Currently, Schenectady police are not required to live within the city limits, and some do reside in surrounding communities.

Riggi supports reforming residency rules so that all officers must live in Schenectady, the benefits of which he says would be twofold. “I think it’s only normal that somebody who lives in the neighborhood, lives in the city, maybe they’re going to take a little more interest in seeing that it can be the best it can be.” Secondly, when police officers live in the city, it also contributes to a sense of security for their neighbors and helps to establish a more friendly relationship between citizenry and police.

Riggi first became interested in police matters about eight or nine years after an elderly woman in Bellevue was mugged while walking to midnight mass. “The police did not come.
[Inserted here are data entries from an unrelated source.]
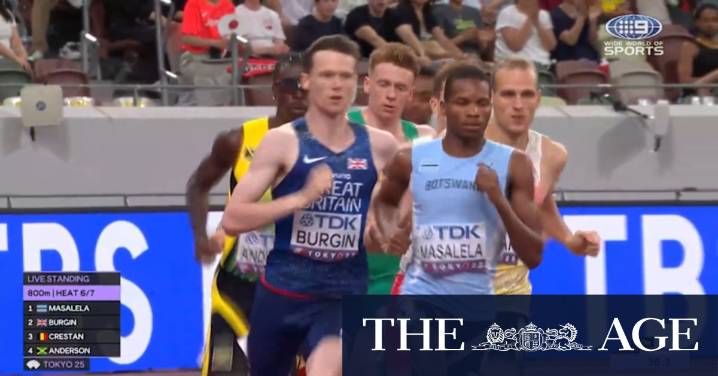 Aussie debutant runs 800m heat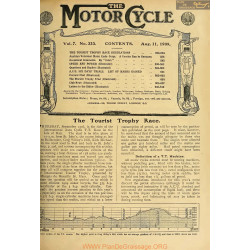 The Motor Cycle 1909 08 August 11 Vol07 N0333 The Tourist Trophy Race
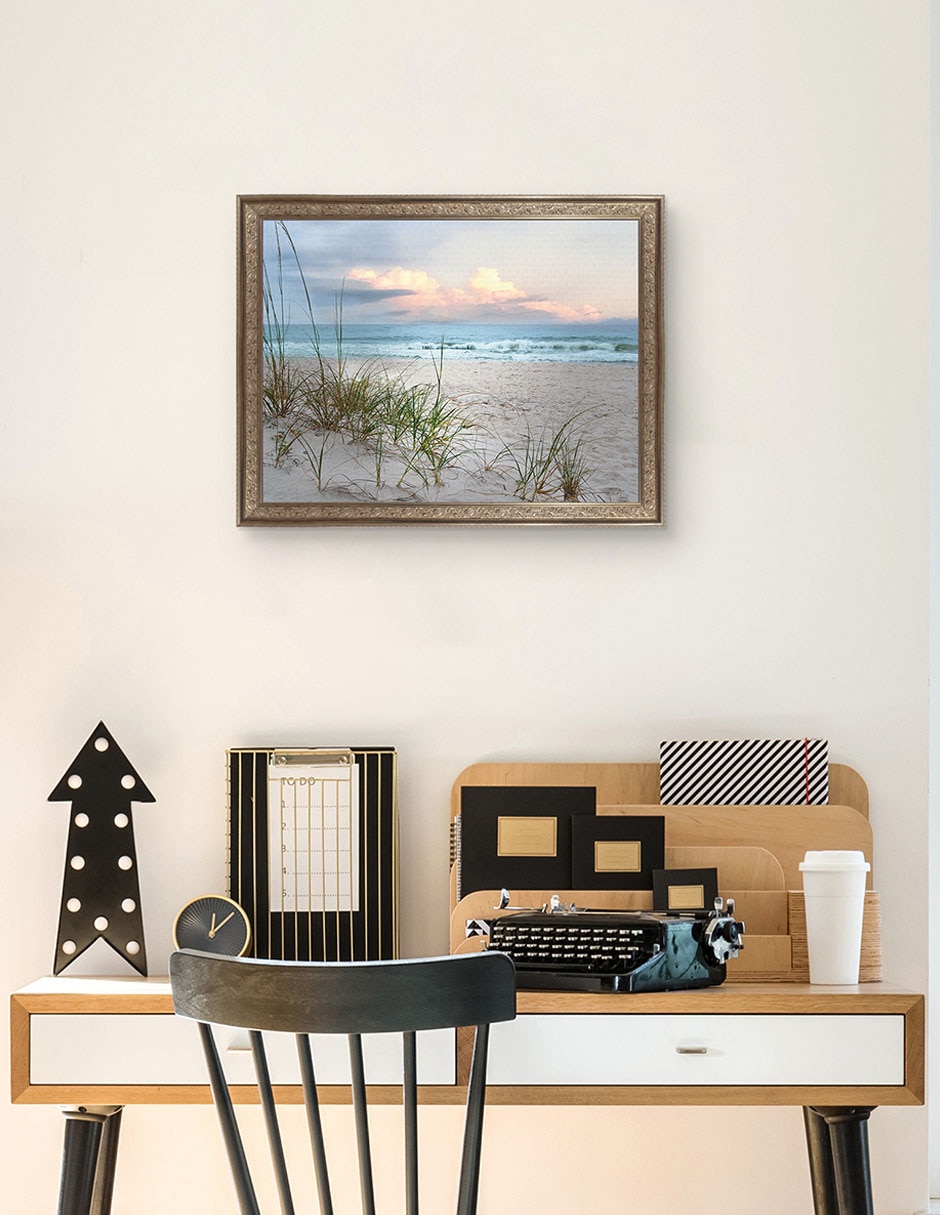 Cuadro decorativo Madera flotante de playa de Nan técnica mixta 5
When she got to the hospital, finally the hospital called and then the police came to get a report from the lady. It was upsetting to think that there was no police response for an elderly lady who was getting mugged and having her purse stolen.”

The incident helped to incite public debate about the police, he says. “There were meetings held over it, almost like the same idea we’re having now. The same thing, and I hear the same answers: We’re understaffed, crime is up. All these things we hear over and over again, but they have not come up with a solution. It’s not my job to have a solution. I’m the taxpayer. I want our government to have a solution. I want Brian Stratton as CEO of the city of Schenectady to come up with a solution.”

Stratton says he’s taking the issue “very, very seriously,” and is determined to make changes.

“I don’t deny that there are some internal problems, and there are things that we need to look into to make sure that we are doing better,” he says. “If there are a few bad apples in there, they absolutely need to go or need to be brought into line. We need to get reforms in the police-labor contract, which, to some extent, does tie our hands in what we’re able to do.”

The police contract expired at the end of 2006. The city and PBA currently are renegotiating.